▸ Exercise
Leave out the pictures and output exactly the lines below from the one with "Details…. . •" down to the one with "Hack Game Nổ", both of them included.

▸ Dataset

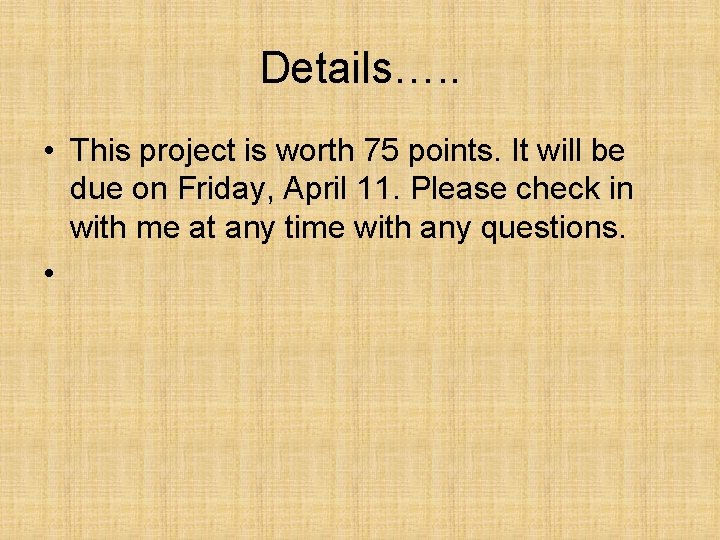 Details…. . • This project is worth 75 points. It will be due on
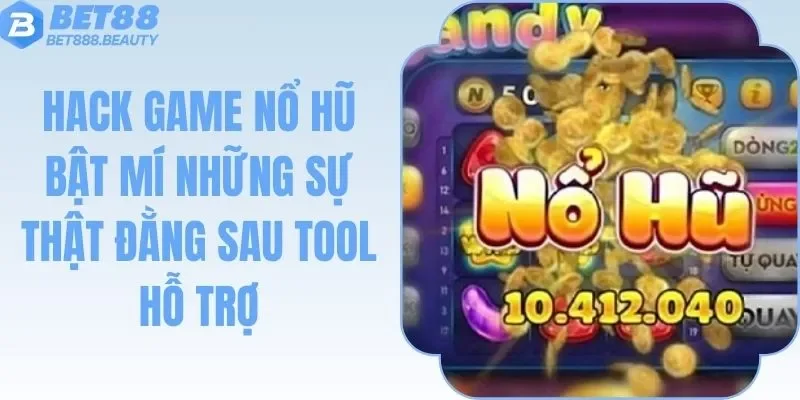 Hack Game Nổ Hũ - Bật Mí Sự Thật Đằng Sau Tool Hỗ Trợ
==
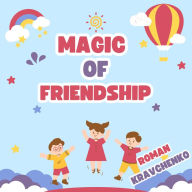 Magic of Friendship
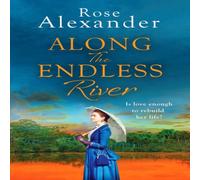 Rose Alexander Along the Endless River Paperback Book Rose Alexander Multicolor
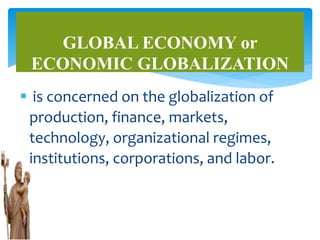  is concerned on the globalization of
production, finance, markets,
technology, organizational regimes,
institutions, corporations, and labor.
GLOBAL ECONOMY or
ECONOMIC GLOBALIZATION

▸ Answer box
 Details…. . • This project is worth 75 points. It will be due on
 Hack Game Nổ Hũ - Bật Mí Sự Thật Đằng Sau Tool Hỗ Trợ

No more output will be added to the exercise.